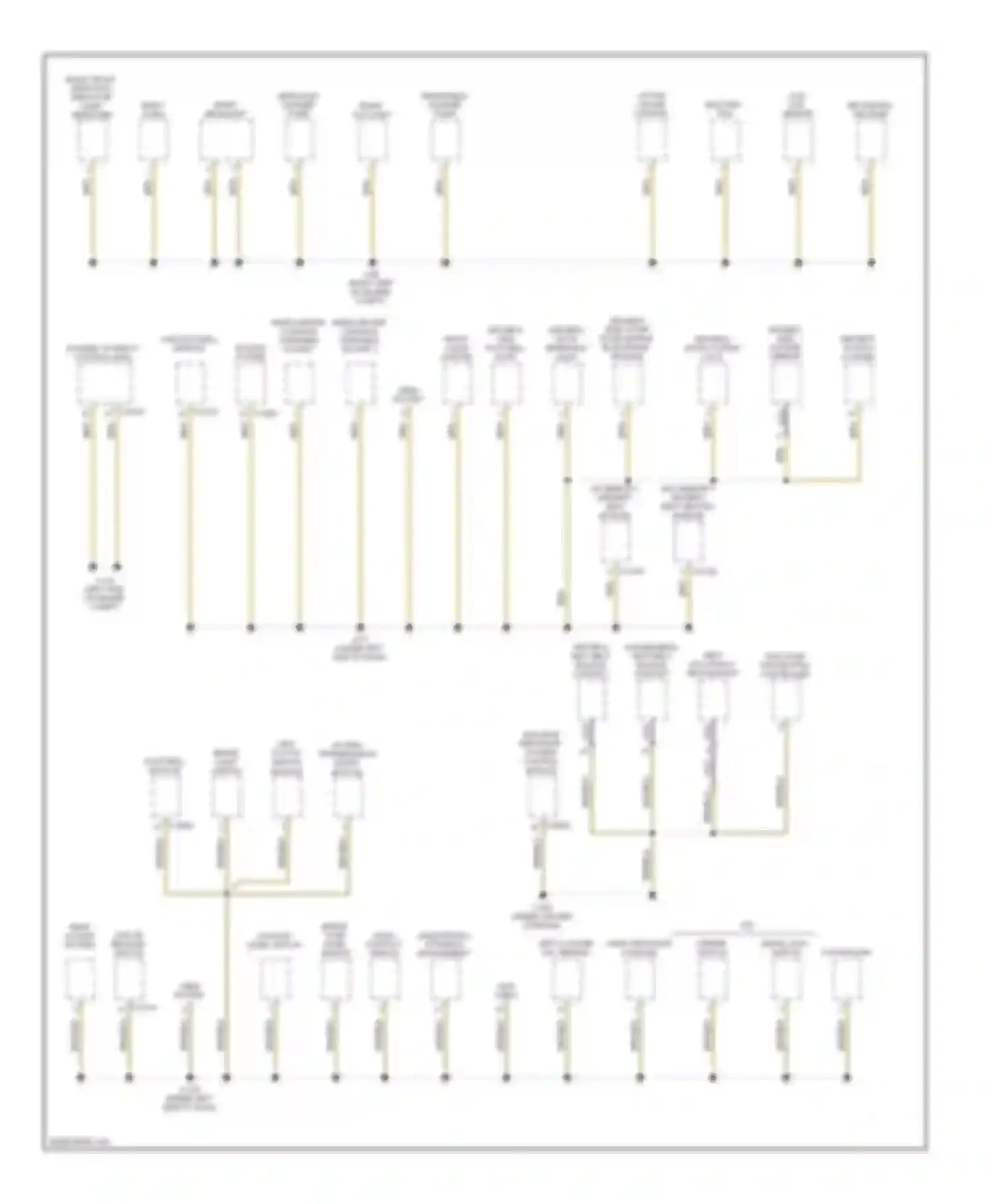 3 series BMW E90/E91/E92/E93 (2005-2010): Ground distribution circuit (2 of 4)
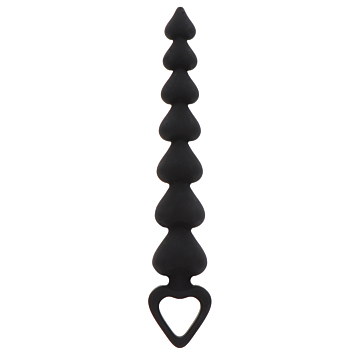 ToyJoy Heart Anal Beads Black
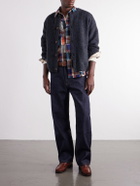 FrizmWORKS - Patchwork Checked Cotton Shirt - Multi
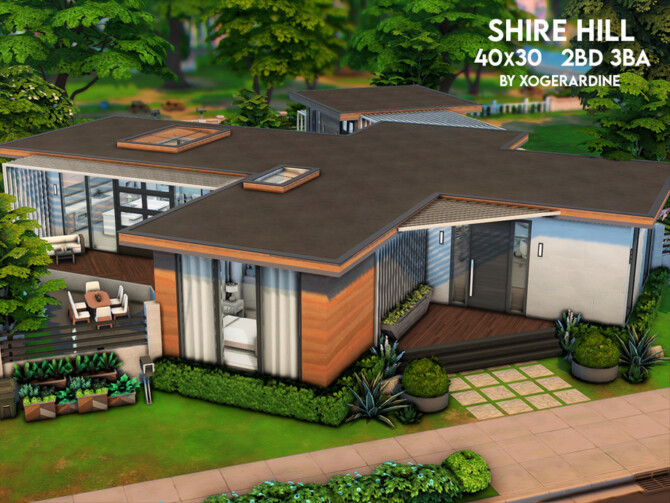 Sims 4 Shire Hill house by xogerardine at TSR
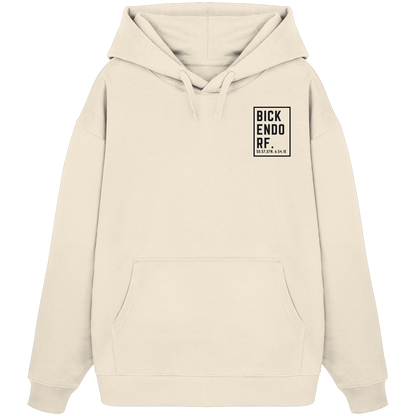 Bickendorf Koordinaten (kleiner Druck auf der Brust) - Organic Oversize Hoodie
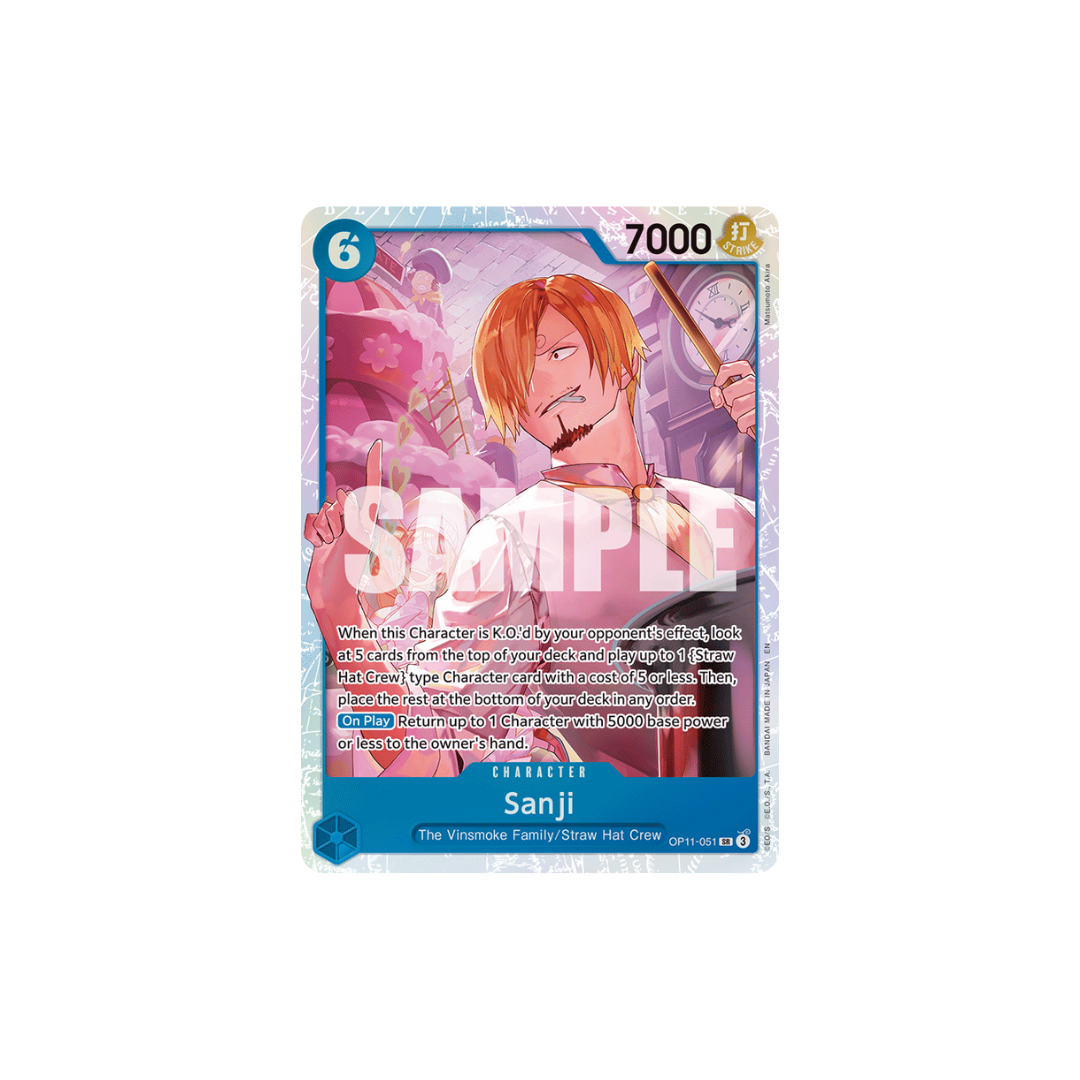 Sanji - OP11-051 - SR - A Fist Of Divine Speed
****
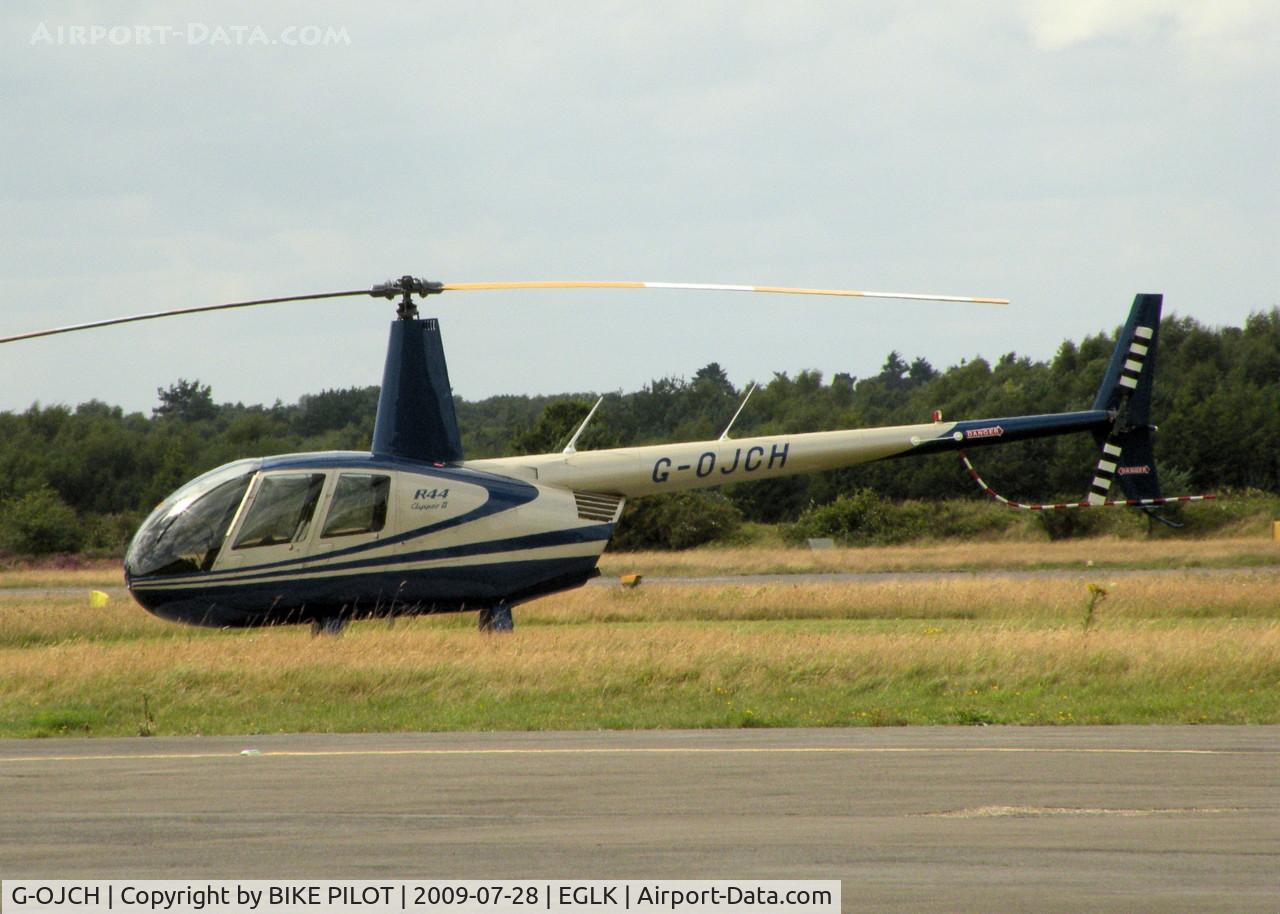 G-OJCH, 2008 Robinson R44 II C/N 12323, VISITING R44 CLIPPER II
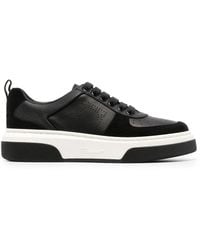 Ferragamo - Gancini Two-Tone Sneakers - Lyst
****
> _TASK PROMPT_: Transcribe, word for word, the stretch of lines in the data above from the one with "FrizmWORKS - Patchwork" through the one with "Sanji - OP11-051"; omit all pictures.

> _SOLUTION TO THE PROBLEM_:
 FrizmWORKS - Patchwork Checked Cotton Shirt - Multi
 Sims 4 Shire Hill house by xogerardine at TSR
 Bickendorf Koordinaten (kleiner Druck auf der Brust) - Organic Oversize Hoodie
 Sanji - OP11-051 - SR - A Fist Of Divine Speed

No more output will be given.